Profit Optimization through Data Analytics: Superstore Case Study
C11BD Coursework 2
By Aparna Yellamraju
H00454947
Introduction:
Aim The primary aim of this analysis is to understand the factors that contribute to increasing the profitability of the Superstore company.
Objectives: First, the provided dataset will be imported and data cleaning will be performed to check if the dataset contains errors and outliers. Data cleaning involves identifying and removing any erroneous data entries. Additionally, the presence of outliers, which are extreme values that deviate significantly from the rest of the data, will be addressed.
Once the data is cleaned, summary statistics will be calculated to gain a comprehensive understanding of the dataset's characteristics, including measures of central tendency, dispersion, and the distribution of variables.
To facilitate a visual exploration of the data, plots and charts will be created such as a bar chart and scatter plot are created to visualize and analyze the variables such as profit, subcategories and sales.
The culmination of the analysis will be the implementation of a modeling strategy to identify the factors that contribute most significantly to the Superstore's profitability. Modelling techniques like regression analysis specifically linear and logistic regression are employed.
Finally, and most crucially, the results of the chosen model will be interpreted, and detailed comments will be provided to explain the findings to the client. These comments will highlight the key factors influencing the Superstore's profitability, enabling them to make informed decisions and implement strategies to increase their profits based on the analysis.
Data Import:
Importing data from the given dataset - Superstore.csv and loading it to dataset and then displaying it into rows and columns for further analysis.
Missing value analysis :
The code given below will assess for any missing values in the given dataset "Superstore.csv"

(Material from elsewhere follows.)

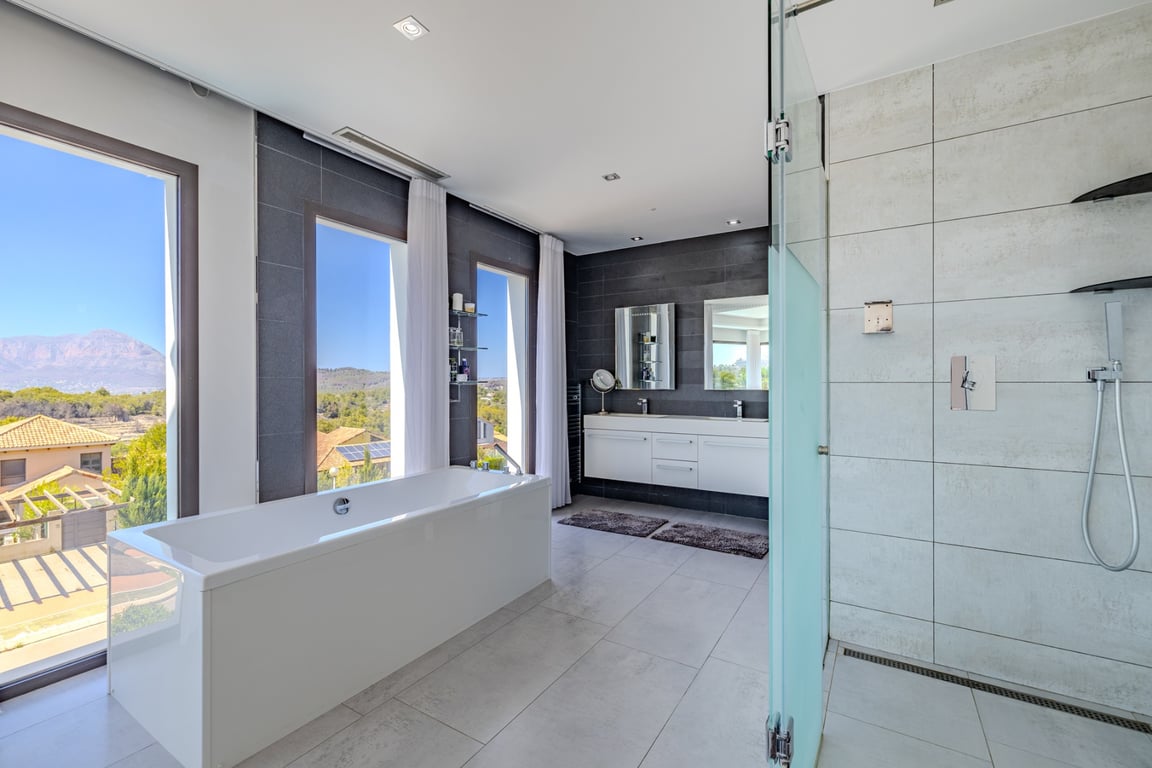 Property #RH20309 - 29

The dataset appears to be clean and well-structured, with no missing values and appropriate data types assigned to each column. These initial preprocessing steps lay a solid foundation for further analysis and modeling. However, additional steps such as outlier detection and data entry error checks may be necessary to ensure data quality and reliability for advanced analytics tasks.
Detecting the outliers:
Outliers refer to data points that significantly differ from other observations in a dataset. Identifying outliers is crucial in data analysis because they can skew statistical analyses and distort interpretations. Therefore, detecting and appropriately handling outliers is essential for ensuring that there are no inaccurate summaries of the data.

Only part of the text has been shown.